Practice — Negotiable Note — Days of Grace. If the writing upon which this suit is brought were to be regarded as a negotiable promissory note, and so entitled to days of *Page 309 grace, I should think the verdict must be set aside for the reason that there is nothing in the case to show that the action was properly commenced on the last day of grace. It is doubtless somewhat anomalous to hold that the maker of a note has the whole of the last day of grace in which to pay it, and at the same time that a suit may be commenced against him on that day at any time after a demand and refusal. The preponderance of authority, however, seems to be quite strong that way. See UPHAM, J., in Dennie v. Walker, 7 N.H. 201, and also a careful examination of the cases by SHAW, C. J., in Staples v. Franklin Bank, 1 Met. 43, where the rule is fully held to be so. The same may also be true in reference to the commencement of a suit after the close of business hours on that day, when there has been no demand. See authorities cited in the plaintiff's brief:
Assuming the law to be so, it is argued that inasmuch as the plaintiff obtained a verdict, under instructions which were not excepted to, it is to be taken that there was evidence upon which the verdict could legally rest, and that the motion for a nonsuit is to be regarded as waived. I think this position cannot be sustained. It has been repeatedly held in this state that where the plaintiff moves for a nonsuit, or either party that a verdict be ordered in his favor by reason of a deficiency of evidence to make a case against him, and the motion is erroneously overruled, if the party against whom the ruling is, instead of stopping the trial and relying on his exception, goes on and introduces evidence which supplies the deficiency, he waives or overrules the objection. Clough v. Bowman,15 N.H. 415; Bowman v. Sanborn, 25 N.H. 108; Oakes v. Thornton, 28 N.H. 44; Prescott v. Hayes, 43 N.H. 598. But I have found no case which goes so far as to hold that the objection is waived, unless the deficiency is supplied by evidence coming from one side or the other, before the case goes to the jury; and I think it cannot be so held. In Oakes v. Thornton, where the matter appears to have been quite carefully examined, WOODS, J., does not fail to guard against any such result, and against any misapprehension or misapplication of that case as an authority. He says (p. 47), — "The distinct ground upon which the exception in this case is overruled is, that when all the proof was in the case, there was no ground of exception for the reason of its insufficiency to sustain the verdict, and that it is wholly indifferent by which party it was introduced."

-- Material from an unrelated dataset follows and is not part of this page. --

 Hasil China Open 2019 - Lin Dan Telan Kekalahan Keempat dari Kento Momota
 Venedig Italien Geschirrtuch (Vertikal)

Now, admitting the law to be that a suit may, under certain circumstances, — e. g., after a demand and refusal, or after the close of business hours — be commenced on the last day of grace against the maker of a promissory note, I think the plaintiff, before he can recover in a suit thus begun, must show these extraneous circumstances upon which his right to maintain the action depends. It would follow that, regarding this as a negotiable promissory note, the motion for a nonsuit ought to have been granted when it was made; and, inasmuch as there is nothing in the case to show that the deficiency was supplied before the cause went to the jury, I think the defendant would still be fairly entitled to his exception on that ground. *Page 310
But my opinion is, that this writing is not to be regarded as a negotiable promissory note, and therefore that the maker was not entitled to days of grace.
The paper reads, — "For value received, I promise to pay Henry Fletcher, or order, twenty-five dollars in one year from date, for the rent of five rooms; and the said Henry Fletcher is to build a barnyard fence; and the said Thompson is to have all the land back of the house." To be sure, the first line contains an unconditional promise, in the usual form of a promissory note, to pay the plaintiff, or order, twenty-five dollars in one year, for the rent of five rooms. But the whole must be looked at together. It is certainly consistent with the terms of the instrument, that the year for which the defendant was to have the five rooms was the same year embraced between the date and maturity of the note, — that is, from April 1, 1872, to April 1, 1873. No part of it, therefore, forbids the conclusion that it was intended to be an agreement to pay twenty-five dollars a year for the rooms at the end of the year; and the absence of any provision for interest does not weaken this construction. But when we look further, we find two substantial stipulations on the part of the lessor incorporated into the same instrument. He is to build a barnyard fence, and also to allow the lessee the use of all the land back of the house. Could these stipulations against the lessor in favor of the lessee, incorporated into the contract for the payment of rent, and forming on the very face of the paper a part of that contract, be stricken out or separated from it, and the paper, thus mutilated and changed in very material respects, be put in circulation as a negotiable promissory note? I think not. It seems to me the whole writing together resembles a lease as much as it does a negotiable promissory note, and that the only admissible construction of it is, that it is an agreement whereby the plaintiff undertakes that the defendant shall have the use of certain premises for one year, and that he will build a barnyard fence, and the defendant that she will pay him, or his order, the sum of twenty-five dollars therefor at the end of the year. Davies v. Wilkins, 10 A. E. 98; Robbins v. May, 11 A. E. 213; Leeds v. Lancashire, 2 Camp. 205. This being so, the defendant was not entitled to days of grace, the action was not prematurely brought, and there must be judgment on the verdict.